## Work to complete
Set down, character for character, everything in the records below from the line holding "Pearl City House: 1321 Hookano Street" down to the line holding "CECAFIS entrega acreditaciones", and no other line.

----- Raw data -----

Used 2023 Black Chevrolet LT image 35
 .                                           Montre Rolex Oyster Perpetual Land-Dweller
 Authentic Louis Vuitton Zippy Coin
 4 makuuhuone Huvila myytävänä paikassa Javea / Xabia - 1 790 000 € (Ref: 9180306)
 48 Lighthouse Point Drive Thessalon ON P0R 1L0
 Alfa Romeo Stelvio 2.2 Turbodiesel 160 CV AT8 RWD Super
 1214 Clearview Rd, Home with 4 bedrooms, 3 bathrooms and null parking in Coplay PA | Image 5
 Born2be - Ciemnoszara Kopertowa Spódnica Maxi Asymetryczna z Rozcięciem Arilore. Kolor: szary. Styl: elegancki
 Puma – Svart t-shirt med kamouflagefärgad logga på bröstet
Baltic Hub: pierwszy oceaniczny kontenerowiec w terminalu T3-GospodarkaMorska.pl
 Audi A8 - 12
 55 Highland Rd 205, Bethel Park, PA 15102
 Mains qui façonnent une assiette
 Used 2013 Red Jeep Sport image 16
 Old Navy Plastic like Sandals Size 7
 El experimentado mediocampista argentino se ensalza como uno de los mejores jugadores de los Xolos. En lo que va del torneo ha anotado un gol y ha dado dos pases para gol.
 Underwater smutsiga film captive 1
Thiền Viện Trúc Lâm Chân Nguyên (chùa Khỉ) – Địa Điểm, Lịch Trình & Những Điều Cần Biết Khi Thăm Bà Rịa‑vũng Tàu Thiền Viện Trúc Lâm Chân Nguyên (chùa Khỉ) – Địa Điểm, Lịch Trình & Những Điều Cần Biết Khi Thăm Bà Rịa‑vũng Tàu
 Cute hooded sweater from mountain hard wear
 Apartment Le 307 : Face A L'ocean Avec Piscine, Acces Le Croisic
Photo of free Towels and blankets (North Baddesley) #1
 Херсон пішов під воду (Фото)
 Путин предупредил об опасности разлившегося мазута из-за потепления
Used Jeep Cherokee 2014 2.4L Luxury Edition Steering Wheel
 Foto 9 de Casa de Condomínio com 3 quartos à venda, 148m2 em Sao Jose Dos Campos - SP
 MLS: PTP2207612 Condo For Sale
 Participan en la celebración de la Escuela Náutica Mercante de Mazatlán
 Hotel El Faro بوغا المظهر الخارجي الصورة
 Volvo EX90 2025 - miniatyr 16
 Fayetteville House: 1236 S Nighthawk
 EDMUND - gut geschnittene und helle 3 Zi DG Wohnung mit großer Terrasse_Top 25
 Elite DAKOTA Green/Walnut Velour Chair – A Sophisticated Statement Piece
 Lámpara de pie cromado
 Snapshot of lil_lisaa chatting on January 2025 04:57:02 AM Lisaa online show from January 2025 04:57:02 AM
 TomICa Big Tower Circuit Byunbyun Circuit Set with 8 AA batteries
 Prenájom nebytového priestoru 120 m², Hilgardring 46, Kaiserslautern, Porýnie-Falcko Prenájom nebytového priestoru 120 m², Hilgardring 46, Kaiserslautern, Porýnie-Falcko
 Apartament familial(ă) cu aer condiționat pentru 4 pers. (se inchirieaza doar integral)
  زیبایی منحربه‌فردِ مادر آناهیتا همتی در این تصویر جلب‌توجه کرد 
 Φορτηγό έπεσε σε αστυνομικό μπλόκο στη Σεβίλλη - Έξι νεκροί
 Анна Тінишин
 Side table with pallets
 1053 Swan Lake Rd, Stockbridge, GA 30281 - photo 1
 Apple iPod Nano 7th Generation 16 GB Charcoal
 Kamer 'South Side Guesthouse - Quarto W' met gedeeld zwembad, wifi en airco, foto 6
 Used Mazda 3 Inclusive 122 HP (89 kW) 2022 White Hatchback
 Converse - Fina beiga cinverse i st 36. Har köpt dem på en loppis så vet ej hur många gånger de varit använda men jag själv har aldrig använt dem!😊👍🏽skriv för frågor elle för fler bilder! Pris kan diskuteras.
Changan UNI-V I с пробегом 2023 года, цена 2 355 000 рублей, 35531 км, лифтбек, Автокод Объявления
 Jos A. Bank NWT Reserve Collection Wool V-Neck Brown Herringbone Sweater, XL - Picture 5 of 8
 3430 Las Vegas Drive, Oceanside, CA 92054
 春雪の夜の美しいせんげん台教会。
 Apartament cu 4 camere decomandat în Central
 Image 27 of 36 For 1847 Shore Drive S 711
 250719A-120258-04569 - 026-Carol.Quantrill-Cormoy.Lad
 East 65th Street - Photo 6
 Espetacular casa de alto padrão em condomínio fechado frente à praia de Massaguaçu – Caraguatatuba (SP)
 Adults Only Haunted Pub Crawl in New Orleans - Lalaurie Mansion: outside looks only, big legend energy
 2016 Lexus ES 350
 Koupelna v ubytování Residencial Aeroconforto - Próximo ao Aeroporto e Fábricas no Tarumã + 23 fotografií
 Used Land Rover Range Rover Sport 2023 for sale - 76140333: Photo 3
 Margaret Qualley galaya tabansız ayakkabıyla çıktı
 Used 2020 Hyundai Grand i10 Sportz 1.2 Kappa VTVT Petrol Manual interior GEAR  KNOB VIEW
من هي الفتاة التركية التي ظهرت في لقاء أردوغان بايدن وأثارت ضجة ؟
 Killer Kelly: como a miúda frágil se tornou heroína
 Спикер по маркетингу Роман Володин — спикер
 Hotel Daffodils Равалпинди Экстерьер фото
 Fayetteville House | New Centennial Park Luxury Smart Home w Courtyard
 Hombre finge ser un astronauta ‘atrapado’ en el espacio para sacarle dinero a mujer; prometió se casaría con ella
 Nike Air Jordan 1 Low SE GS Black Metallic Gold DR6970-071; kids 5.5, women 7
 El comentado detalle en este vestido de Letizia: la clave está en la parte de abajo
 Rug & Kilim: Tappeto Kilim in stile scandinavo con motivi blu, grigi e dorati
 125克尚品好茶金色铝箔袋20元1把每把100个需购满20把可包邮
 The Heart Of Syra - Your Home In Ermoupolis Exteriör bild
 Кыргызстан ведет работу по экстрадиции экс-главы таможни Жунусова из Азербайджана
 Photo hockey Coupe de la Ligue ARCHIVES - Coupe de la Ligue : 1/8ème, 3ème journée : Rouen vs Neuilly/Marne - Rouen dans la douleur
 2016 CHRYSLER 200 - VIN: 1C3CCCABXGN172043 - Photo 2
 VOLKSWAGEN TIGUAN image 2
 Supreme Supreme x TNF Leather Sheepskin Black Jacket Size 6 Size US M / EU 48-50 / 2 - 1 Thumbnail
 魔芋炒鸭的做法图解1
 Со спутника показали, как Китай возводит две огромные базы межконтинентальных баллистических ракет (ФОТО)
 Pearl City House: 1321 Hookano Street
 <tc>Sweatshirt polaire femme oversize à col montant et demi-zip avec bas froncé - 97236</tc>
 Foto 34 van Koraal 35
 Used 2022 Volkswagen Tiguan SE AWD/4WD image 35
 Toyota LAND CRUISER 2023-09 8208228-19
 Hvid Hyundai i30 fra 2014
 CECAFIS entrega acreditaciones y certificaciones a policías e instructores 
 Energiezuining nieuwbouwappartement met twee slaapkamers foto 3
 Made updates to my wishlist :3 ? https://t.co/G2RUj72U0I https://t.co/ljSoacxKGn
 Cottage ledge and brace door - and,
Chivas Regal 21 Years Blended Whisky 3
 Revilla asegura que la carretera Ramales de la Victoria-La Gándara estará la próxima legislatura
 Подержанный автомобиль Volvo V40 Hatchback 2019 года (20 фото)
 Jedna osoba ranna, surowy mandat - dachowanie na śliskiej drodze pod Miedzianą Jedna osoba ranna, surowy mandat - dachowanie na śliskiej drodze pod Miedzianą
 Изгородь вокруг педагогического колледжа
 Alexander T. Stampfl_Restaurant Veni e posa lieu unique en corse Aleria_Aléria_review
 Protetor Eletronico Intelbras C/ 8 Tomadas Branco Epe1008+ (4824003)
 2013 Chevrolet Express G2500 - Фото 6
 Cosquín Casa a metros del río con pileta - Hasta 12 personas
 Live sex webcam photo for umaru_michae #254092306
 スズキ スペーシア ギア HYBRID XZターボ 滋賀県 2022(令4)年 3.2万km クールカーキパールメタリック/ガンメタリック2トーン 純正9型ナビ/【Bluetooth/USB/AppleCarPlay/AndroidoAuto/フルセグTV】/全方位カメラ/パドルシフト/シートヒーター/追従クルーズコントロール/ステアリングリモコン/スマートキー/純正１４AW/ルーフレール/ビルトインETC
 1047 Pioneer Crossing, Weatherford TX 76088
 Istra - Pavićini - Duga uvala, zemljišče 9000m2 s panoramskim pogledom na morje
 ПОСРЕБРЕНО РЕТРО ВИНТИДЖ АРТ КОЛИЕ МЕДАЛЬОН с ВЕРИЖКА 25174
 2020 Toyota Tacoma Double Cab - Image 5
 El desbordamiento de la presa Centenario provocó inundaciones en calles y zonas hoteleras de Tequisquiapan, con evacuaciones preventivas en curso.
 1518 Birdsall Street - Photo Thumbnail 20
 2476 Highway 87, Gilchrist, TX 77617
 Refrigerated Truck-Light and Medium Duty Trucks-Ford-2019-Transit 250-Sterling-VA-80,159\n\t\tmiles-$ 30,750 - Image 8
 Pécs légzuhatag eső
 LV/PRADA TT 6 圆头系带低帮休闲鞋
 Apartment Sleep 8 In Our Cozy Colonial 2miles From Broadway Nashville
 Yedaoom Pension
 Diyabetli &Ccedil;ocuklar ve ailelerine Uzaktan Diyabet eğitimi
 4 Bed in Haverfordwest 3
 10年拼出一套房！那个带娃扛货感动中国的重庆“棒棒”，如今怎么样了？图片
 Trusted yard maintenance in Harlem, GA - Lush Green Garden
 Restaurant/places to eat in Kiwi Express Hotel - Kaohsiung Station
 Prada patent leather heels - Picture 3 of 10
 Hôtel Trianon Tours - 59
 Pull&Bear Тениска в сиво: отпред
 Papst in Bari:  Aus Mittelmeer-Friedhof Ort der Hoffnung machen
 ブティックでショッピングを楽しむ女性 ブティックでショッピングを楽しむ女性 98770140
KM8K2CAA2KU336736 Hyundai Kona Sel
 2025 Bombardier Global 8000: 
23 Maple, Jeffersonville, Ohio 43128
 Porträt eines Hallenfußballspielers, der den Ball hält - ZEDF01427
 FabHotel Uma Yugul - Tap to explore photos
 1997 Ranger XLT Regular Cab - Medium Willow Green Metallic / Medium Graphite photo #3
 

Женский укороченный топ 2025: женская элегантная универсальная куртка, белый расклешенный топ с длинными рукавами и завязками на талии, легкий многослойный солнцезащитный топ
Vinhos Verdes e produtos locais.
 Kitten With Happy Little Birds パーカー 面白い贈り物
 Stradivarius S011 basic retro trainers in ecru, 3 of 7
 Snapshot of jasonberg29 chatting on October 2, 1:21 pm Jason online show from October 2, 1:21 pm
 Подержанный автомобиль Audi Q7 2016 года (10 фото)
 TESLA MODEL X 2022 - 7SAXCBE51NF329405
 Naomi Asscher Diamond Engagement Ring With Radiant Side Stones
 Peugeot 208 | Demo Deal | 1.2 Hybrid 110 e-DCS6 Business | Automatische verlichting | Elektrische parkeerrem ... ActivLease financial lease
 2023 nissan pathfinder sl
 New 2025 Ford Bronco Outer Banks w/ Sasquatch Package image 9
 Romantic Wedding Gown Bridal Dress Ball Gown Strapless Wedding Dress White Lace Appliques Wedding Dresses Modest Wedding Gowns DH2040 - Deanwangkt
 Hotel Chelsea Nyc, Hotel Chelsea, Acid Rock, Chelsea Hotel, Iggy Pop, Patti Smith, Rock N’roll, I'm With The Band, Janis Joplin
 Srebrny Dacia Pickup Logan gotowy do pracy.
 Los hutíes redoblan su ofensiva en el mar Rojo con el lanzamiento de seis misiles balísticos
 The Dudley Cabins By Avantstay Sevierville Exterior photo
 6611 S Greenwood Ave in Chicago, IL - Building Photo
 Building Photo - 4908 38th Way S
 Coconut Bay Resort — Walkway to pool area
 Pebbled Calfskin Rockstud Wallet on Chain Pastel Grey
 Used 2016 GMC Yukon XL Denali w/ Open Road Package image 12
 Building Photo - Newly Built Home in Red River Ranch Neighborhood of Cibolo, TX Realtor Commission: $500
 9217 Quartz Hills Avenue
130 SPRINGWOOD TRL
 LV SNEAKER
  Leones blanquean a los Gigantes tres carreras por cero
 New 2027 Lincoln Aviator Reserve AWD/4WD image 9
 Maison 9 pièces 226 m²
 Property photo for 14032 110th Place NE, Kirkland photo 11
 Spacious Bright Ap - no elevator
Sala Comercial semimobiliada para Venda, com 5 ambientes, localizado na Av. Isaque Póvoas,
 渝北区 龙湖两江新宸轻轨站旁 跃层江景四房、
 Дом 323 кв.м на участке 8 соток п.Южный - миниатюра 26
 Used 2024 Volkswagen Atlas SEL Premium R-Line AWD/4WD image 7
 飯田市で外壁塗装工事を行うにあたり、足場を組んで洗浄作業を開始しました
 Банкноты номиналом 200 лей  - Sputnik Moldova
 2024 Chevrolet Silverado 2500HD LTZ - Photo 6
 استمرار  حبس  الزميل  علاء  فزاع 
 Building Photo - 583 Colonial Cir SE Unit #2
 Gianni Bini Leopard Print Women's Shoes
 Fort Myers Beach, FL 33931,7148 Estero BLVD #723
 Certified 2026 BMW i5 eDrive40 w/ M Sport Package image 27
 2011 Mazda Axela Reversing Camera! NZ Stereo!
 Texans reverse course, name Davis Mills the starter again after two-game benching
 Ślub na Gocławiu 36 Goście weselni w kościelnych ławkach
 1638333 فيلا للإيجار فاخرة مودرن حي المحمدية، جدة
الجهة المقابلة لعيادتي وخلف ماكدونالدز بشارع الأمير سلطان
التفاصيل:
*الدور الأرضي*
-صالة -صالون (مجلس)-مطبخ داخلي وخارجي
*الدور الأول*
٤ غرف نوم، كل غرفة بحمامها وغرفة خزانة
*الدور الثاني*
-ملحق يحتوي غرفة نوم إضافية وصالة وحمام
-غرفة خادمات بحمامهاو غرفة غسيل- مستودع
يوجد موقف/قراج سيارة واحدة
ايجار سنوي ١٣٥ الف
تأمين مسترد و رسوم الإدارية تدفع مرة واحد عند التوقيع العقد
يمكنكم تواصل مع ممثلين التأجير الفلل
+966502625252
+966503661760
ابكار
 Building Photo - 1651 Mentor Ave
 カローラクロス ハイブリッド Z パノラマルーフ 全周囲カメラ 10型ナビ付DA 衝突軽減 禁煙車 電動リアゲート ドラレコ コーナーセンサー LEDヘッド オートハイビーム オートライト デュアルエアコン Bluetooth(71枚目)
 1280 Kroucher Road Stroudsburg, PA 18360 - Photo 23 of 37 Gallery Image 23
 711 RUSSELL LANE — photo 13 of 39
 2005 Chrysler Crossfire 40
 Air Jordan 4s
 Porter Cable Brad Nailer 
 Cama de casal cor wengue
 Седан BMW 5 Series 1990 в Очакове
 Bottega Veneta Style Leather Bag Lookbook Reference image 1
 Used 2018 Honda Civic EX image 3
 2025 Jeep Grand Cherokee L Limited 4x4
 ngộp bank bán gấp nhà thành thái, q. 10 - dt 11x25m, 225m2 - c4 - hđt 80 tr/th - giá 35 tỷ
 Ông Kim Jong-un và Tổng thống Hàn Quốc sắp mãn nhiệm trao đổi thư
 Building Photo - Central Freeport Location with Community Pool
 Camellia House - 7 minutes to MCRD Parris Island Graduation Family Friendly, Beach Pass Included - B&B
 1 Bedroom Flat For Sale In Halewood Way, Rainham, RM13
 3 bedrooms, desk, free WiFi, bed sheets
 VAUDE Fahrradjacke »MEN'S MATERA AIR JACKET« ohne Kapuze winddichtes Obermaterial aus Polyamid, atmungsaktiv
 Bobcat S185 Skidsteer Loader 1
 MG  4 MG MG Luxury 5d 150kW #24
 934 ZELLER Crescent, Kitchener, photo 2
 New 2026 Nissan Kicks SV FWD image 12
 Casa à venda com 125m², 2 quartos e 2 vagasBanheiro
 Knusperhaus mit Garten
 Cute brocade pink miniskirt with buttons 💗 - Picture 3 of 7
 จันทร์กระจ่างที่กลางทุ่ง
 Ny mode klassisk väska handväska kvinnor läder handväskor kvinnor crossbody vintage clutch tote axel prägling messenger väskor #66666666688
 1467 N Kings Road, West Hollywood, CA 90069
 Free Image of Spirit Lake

-----

## Completed exercise
 Pearl City House: 1321 Hookano Street
 <tc>Sweatshirt polaire femme oversize à col montant et demi-zip avec bas froncé - 97236</tc>
 Foto 34 van Koraal 35
 Used 2022 Volkswagen Tiguan SE AWD/4WD image 35
 Toyota LAND CRUISER 2023-09 8208228-19
 Hvid Hyundai i30 fra 2014
 CECAFIS entrega acreditaciones y certificaciones a policías e instructores 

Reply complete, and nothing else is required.